Framing an ML problem

After verifying that your problem is best solved using ML and that you have access to the data you'll need, you're ready to frame your problem in ML terms. You frame a problem in ML terms by completing the following tasks:

  • Define the ideal outcome and the model's goal.
  • Identify the model's output.
  • Define success metrics.

Define the ideal outcome and the model's goal

Independent of the ML model, what's the ideal outcome? In other words, what is the exact task you want your product or feature to perform? This is the same statement you previously defined in the State the goal section.

Connect the model's goal to the ideal outcome by explicitly defining what you want the model to do.

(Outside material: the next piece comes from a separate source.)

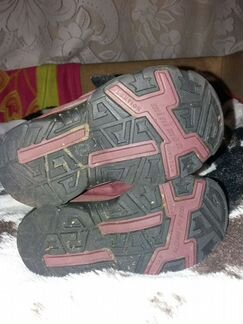 Зимние ботинки minimen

The following table states the ideal outcomes and the model's goal for hypothetical apps:

App Ideal outcome Model's goal
Weather app Calculate precipitation in six hour increments for a geographic region. Predict six-hour precipitation amounts for specific geographic regions.
Video app Recommend useful videos. Predict whether a user will click on a video.
Mail app Detect spam. Warn the user if the email appears to be spam.
Map app Calculate travel time. Predict how long it will take to travel between two points.
Banking app Identify fraudulent transactions. Predict if a transaction was made by the card holder.
Dining app Identify cuisine by a restaurant's menu. Predict the type of restaurant.

Choose the right kind model

Your choice of model type depends upon the specific context and constraints of your problem.

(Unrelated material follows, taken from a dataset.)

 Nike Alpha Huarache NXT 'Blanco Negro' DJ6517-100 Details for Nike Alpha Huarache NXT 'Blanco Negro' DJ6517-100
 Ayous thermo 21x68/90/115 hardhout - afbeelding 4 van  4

A classification model predicts what category the input data belongs to, for example, whether an input should be classified as A, B, or C.

A classification model is making predictions.

Figure 1. A classification model making predictions.

Based on the model's prediction, your app might make a decision. For example, if the prediction is category A, then do X; if the prediction is category B, then do, Y; if the prediction is category C, then do Z. In some cases, the prediction is the app's output.

The product code uses model's output to make a decision.

Figure 2. A classification model's output being used in the product code to make a decision.

A regression model predicts where to place the input data on a number line.

A regression model is making a prediction.

Figure 3. A regression model making a numeric prediction.

Based on the model's prediction, your app might make a decision. For example, if the prediction falls within range A, do X; if the prediction falls within range B, do Y; if the prediction falls within range C, do Z. In some cases, the prediction is the app's output.

The product code uses the model's output to make a decision.

Figure 4. A regression model's output being used in the product code to make a decision.

Consider the following scenario:

You want to cache videos based on their predicted popularity. In other words, if your model predicts that a video will be popular, you want to quickly serve it to users. To do so, you'll use the more effective and expensive cache. For other videos, you'll use a different cache. Your caching criteria is the following:

  • If a video is predicted to get 50 or more views, you'll use the expensive cache.
  • If a video is predicted to get between 30 and 50 views, you'll use the cheap cache.
  • If the video is predicted to get less than 30 views, you won't cache the video.

You think a regression model is the right approach because you'll be predicting a numeric value—the number of views. However, when training the regression model, you realize that it produces the same loss for a prediction of 28 and 32 for videos that have 30 views. In other words, although your app will have very different behavior if the prediction is 28 versus 32, the model considers both predictions equally good.

A model being trained and its loss evaluated.

Figure 5. Training a regression model.

Regression models are unaware of product-defined thresholds. Therefore, if your app's behavior changes significantly because of small differences in a regression model's predictions, you should consider implementing a classification model instead.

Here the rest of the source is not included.